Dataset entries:
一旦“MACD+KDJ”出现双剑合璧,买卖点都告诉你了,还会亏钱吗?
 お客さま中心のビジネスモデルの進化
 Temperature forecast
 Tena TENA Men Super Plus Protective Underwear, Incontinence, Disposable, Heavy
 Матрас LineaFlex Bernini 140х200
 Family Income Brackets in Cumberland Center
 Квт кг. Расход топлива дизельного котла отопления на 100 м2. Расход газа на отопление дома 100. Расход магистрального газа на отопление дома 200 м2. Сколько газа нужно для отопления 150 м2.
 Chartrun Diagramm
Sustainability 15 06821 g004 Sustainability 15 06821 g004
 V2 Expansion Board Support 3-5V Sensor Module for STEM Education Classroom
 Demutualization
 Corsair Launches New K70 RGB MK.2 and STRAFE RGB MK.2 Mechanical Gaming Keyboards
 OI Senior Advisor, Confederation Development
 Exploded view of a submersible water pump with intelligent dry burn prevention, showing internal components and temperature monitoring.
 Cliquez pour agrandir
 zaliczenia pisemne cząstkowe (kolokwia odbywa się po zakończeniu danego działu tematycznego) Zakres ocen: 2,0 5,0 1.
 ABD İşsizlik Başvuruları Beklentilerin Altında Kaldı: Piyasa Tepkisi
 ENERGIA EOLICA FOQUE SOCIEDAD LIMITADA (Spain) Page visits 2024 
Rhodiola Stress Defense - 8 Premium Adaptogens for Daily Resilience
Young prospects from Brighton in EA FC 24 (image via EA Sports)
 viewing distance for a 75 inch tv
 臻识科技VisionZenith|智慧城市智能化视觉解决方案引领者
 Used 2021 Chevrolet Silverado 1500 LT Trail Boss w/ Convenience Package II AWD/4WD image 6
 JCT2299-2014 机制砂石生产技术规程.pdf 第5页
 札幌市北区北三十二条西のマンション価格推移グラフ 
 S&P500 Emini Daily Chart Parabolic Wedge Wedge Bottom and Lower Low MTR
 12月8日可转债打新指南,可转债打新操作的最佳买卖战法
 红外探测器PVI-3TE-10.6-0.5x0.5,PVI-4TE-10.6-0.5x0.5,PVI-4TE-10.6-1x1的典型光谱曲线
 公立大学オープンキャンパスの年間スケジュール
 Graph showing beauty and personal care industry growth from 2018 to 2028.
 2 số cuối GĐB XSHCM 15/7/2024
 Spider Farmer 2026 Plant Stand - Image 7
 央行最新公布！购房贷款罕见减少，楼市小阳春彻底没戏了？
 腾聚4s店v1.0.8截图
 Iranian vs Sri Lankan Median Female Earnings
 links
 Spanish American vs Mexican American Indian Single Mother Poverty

EXERCISE AIM »
Retype only this portion of the data above: the line containing "Temperature forecast", the line containing "Cliquez pour agrandir", and all lines between them, exactly.

OUTPUT »
 Temperature forecast
 Tena TENA Men Super Plus Protective Underwear, Incontinence, Disposable, Heavy
 Матрас LineaFlex Bernini 140х200
 Family Income Brackets in Cumberland Center
 Квт кг. Расход топлива дизельного котла отопления на 100 м2. Расход газа на отопление дома 100. Расход магистрального газа на отопление дома 200 м2. Сколько газа нужно для отопления 150 м2.
 Chartrun Diagramm
Sustainability 15 06821 g004 Sustainability 15 06821 g004
 V2 Expansion Board Support 3-5V Sensor Module for STEM Education Classroom
 Demutualization
 Corsair Launches New K70 RGB MK.2 and STRAFE RGB MK.2 Mechanical Gaming Keyboards
 OI Senior Advisor, Confederation Development
 Exploded view of a submersible water pump with intelligent dry burn prevention, showing internal components and temperature monitoring.
 Cliquez pour agrandir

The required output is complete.